Al riguardo la giurisprudenza, cui il Tribunale si associa, ha già avuto occasione di rilevare che “in tal modo, il legislatore coniuga le contrapposte esigenze delle parti, atteso che consente comunque all'amministrazione una pronuncia espressa, ma ne limita lo spatium deliberandi, prevedendo la formazione del silenzio assenso nel solo caso di conferimento dell'incarico da parte di un soggetto pubblico, laddove è meno avvertita e, quindi, risulta recessiva l'esigenza di tutela dell'interesse pubblico” ma anche che “il termine di legge è sufficientemente ampio per consentire una ponderata valutazione sulla compatibilità dell'incarico … con le esigenze di servizio” (cfr. T.A.R. Lazio, Roma, sez. I, 19.4.2007, n. 3453).

La scelta effettuata dal Legislatore di qualificare formalmente come assenso il silenzio serbato dall’Amministrazione nel termine stabilito non incide dunque sul regime autorizzatorio degli incarichi che possono svolgere i pubblici dipendenti, che rimane del tutto inalterato, essendo stato soltanto rigidamente prescritto un termine breve, ma reputato discrezionalmente sufficiente per l’esercizio del relativo potere di autorizzazione e nel concorso, quindi, di una modalità semplificata per conseguire quest’ultima.

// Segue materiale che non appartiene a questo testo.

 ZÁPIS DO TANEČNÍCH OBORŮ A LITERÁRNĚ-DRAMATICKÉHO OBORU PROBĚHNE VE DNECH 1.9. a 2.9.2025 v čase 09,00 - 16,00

In proposito può ricordarsi che la dottrina ha osservato che, con il regime del silenzio – assenso, l’Amministrazione è passata dal <dovere di provvedere> all’<onere di provvedere>, nel senso che è tenuta a tempestivamente attivarsi se vuole impedire il costituirsi dell’effetto indotto dalla valutazione legale tipica introdotta dal Legislatore. Al contempo, tuttavia, la giurisprudenza amministrativa ha a sua volta precisato che, dopo il decorso del termine, la maturazione del silenzio non comporta la consumazione tout court del potere amministrativo di intervenire successivamente sulla vicenda, ma che il provvedimento tardivamente adottato, seppure efficace, è illegittimo per violazione di legge e quindi annullabile.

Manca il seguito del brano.